TO DO:
Please copy each line in the records below that contains the string "with".

DATA FOR THIS EXERCISE:
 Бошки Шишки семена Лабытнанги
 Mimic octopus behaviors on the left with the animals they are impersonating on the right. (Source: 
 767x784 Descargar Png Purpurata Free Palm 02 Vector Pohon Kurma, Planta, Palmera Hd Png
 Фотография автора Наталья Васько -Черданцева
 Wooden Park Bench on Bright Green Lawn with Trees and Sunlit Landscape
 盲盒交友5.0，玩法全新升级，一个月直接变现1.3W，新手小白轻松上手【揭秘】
==
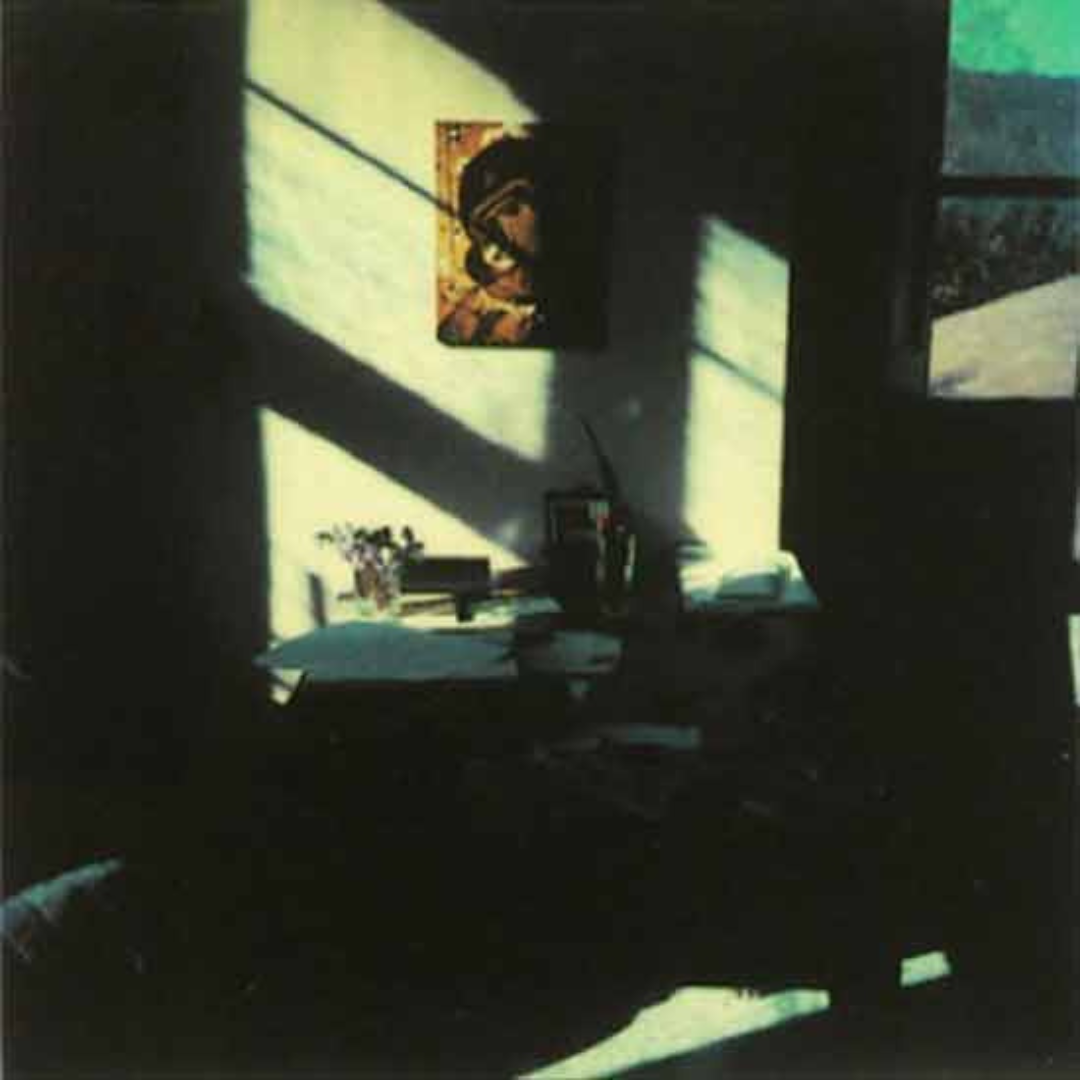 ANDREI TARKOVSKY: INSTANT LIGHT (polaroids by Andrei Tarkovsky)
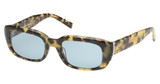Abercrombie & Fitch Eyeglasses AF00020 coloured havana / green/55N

WRITTEN ANSWER:
 Mimic octopus behaviors on the left with the animals they are impersonating on the right. (Source: 
 Wooden Park Bench on Bright Green Lawn with Trees and Sunlit Landscape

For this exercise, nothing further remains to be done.